IG: Our Personnel Strength Can’t Cope with Current Security Challenges

IG: Our Personnel Strength Can’t Cope  with Current Security Challenges

Adedayo Akinwale in Abuja

The Inspector General of Police, Mr. Mohammed Adamu has decried that the personnel strength of the Force cannot cope with the current security challenges facing the country.

Adamu, who was represented by the Deputy Inspector General of Police (DIG) Operations, Mr. Abdulmajid Ali, disclosed this yesterday in Abuja at a public hearing organised by the House of Representatives Committee on Police Affairs, with the theme ‘Repositioning the Nigeria Police for an Enhanced Delivery’.

He said that an a aggregation of the reports of the various Police Reform Committees under the current democratic dispensation indicated that the major challenges inhibiting optimal police service delivery included gross underfunding, inadequate personnel, poor remuneration and welfare regime, among others.

Adamu explained that a comparative analysis between Nigeria and South Africa Police showed that while in 2018 the South African police got 46.87 billion rand or N1.1372 trillion for visible policing programme with a 6.89 per cent growth projection up to 2021/2022 financial year, the Nigeria Police had to do with N35 billion appropriation and an eventual release of N20 billion for capital and overhead expenditure.

He stated: “Inadequate personnel to cope with the expanding and increasingly complex requirements of policing Nigeria’s growing population and crime profile. A strength of a about 302,000 police officers police a population of about 200,000,000 is definitely inadequate.”

Adamu noted that this runs short of UN standard for policing, stipulating a ratio of 1:350/400 people and called for “a sustainable recruitment of at least 50,000 personnel every year for the next 10 years to address the manpower inadequacy.”

He added that in Kenya for example, a Police Constables take home earning is about 34,907 Shilling or N126,000, whereas his Nigerian counterpart earns unfortunately less than N50,000, stressing that pitiably, this earning comes down to N12,000 to N18,000 of retirement.

Adamu said that the paucity of funds has over the years made it impossible for an average Police Officer to be adequately trained and retrained for an enhanced service delivery, saying that an improvement in this area would no doubt enhance professionalism in terms of weapons handling, investigation and human rights observance operational equipment deficiency

Adamu noted that not less than 1,000 Amoured Personnel Carriers (APCs); 250,000 assault rifles/corresponding ammunition, 2,000,000 tear gas canisters/smoke grenade, 200,000 Riot Gunners and Smoke Pistols, 1,000 Tracking Devices, 774 Operational Drones, among others are needed to cover the length and breadth of the nation’s infrastructural and Logistics Deficit Gap between the citizens and the Police .
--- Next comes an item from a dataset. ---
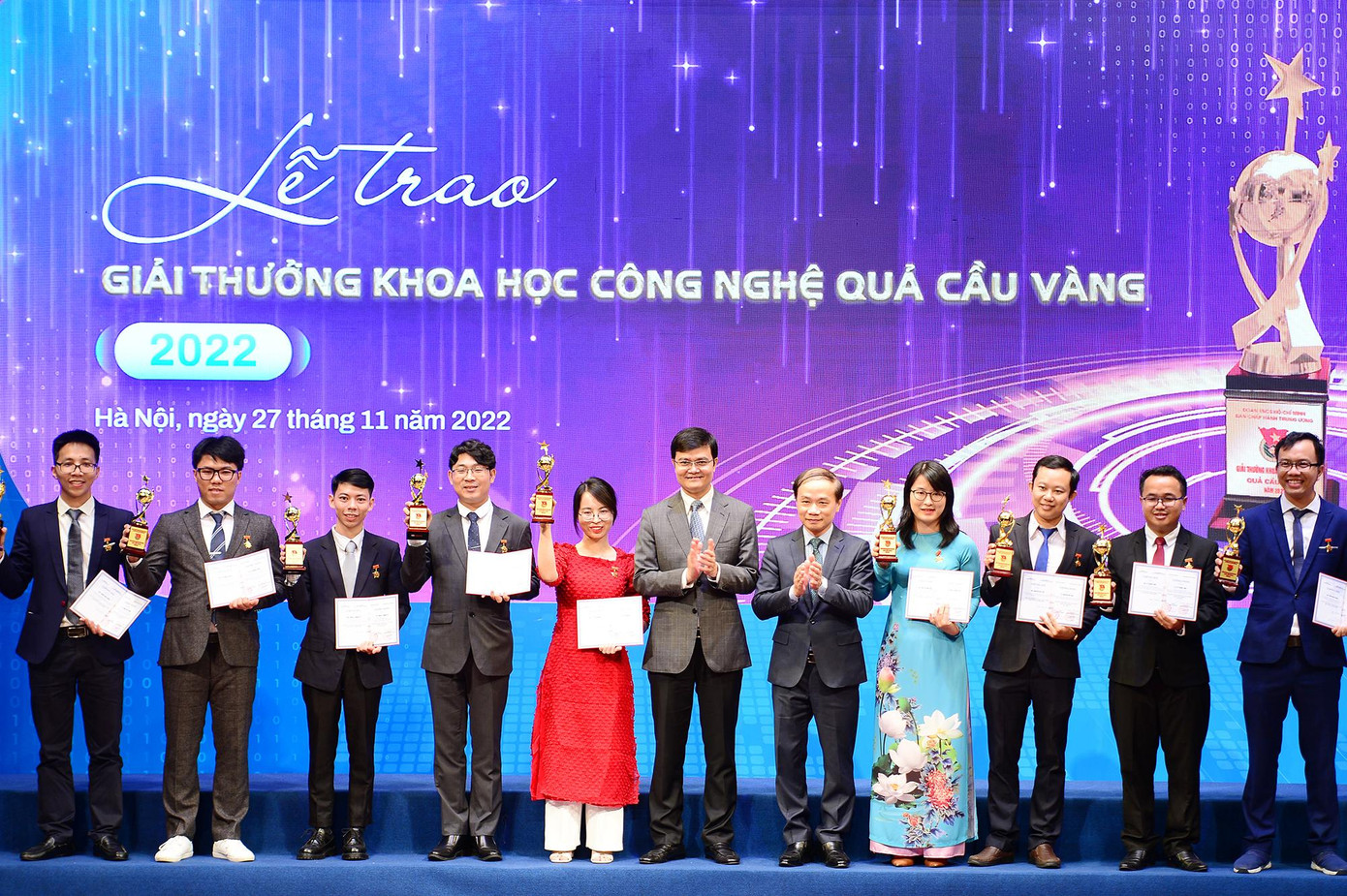 Ông Phạm Tất Thắng và anh Bùi Quang Huy trao Giải thưởng 'Quả Cầu Vàng 2022' cho 10 nhà khoa học trẻ. Ông Phạm Tất Thắng và anh Bùi Quang Huy trao Giải thưởng 'Quả Cầu Vàng 2022' cho 10 nhà khoa học trẻ.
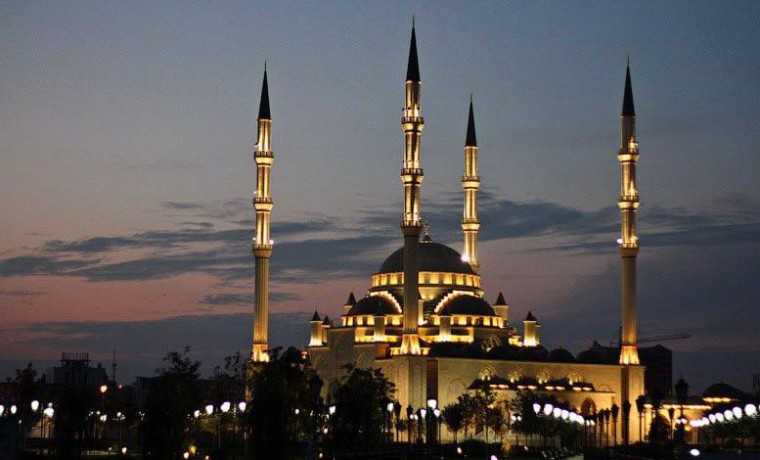 Рамзан Кадыров поблагодарил жителей ЧР, посвящающих каждую ночь коллективным Тахаджуд-намазам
He further called on the lawmakers to review obsolete laws regulating police functions and enactment of requisite laws to aid the police institutional and human capacity orientation, as well as optimal police service delivery in line with modern dictates.

On his part, a former IG and Chairman of the Police Service Commission (PSC), Alhaji Musiliu Smith said there was need to go beyond rhetorics by highlighting necessary measures to take that would certainly go a long way in ensuring earliest repositioning of Nigeria Police for enhanced service delivery.

He noted that the old tradition of ensuring proper vetting of prospective candidates during recruitment must be embraced again.

He said mental/ psychiatric test be included as part of conditions for recruitment into the Police to ensure that only people of sound mind find themselves into the force.

On his part, Oba of Lagos, Rilwan Akiolu, stated categorically that the problem facing the police force started with President Muhammadu Buhari when he was a military Head of State in 1984.

He said: “All these problems we are discussing, honestly, I will not say, I’m fed up. I only thank God that this our present Head of State is trying to put the police into perspective now, because the problem of police started with him in 1984, that is the truth.

“The report of Babalakin Commission of Enquiry did not fight against security or anything. But the army thought Shagari was equipping the Striking Mobile Force to rival the army. There is no way the police can rival the army, they are better serviced and better equipped.”